Westminster Presents a Lecture: ‘Dead Man Walking: the Journey Continues’ by Sister Helen Prejean

Westminster College hosts a lecture by Sister Helen Prejean, “Dead Man Walking: the Journey Continues,” as part of the Tanner-McMurrin lecture serie son March 24, 2015, at 7:00 p.m. in the Behnken Field House in the Dolores Doré Eccles Health, Wellness and Athletic Center.

Sister Helen Prejean is known around the world for her tireless work against the death penalty. She has been instrumental in sparking national dialogue on capital punishment and in shaping the Catholic Church’s opposition to all executions. When it was first published in 1993, Dead Man Walking: An Eyewitness Account of the Death Penalty in the United States sparked a national debate that focused on the details of how human choices and consequences are interwoven in our system of capital punishment. Twenty years later—and with capital punishment still practiced in 32 states—Sister Helen devotes her time to campaigning against the death penalty, counseling individual death row prisoners and working with murder victims’ family members. She has accompanied six men to their deaths and has written about two of them in her second book, The Death of Innocents: An Eyewitness Account of Wrongful Executions.

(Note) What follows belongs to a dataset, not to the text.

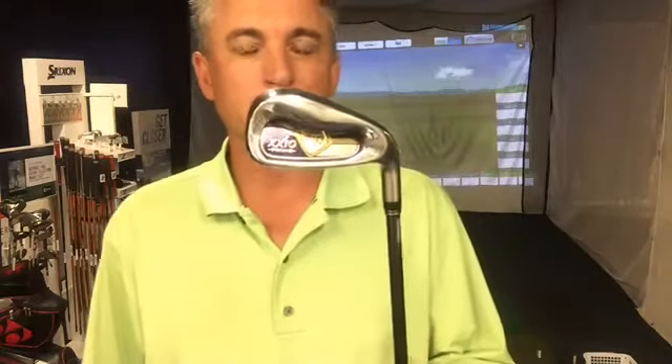Hello golfers and welcome to another club review here at the Palm Beach Golf Center in Boca Raton, Florida and the Jess Frank Golf Academy. Today I wanted to bring you the XXIO Prime 9 irons — a beautiful club.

Sister Helen Prejean is a member of the Congregation of the Sisters of St. Joseph. She has received honorary degrees from universities all over the world and has been nominated for the Nobel Peace Prize three times. She is currently at work on her autobiography, River of Fire: My Spiritual Journey.

The event is free and open to the public. A book signing will follow the lecture. Sister Helen Prejean’s books Dead Man Walking and Death of Innocents will be available for $15 each or $25 for any two books. Cash or check only.

The Westminster Tanner-McMurrin Lectures on the History and Philosophy of Religion were established at Westminster College in 1987 as a means of bringing major scholars in the fields of history and philosophy of religion to deliver public lectures and conduct seminars on basic issues in religious thought and practice. The lecturers are appointed for the national and international recognition of their scholarly achievements without regard to ethnic, national, religious, or ideological considerations.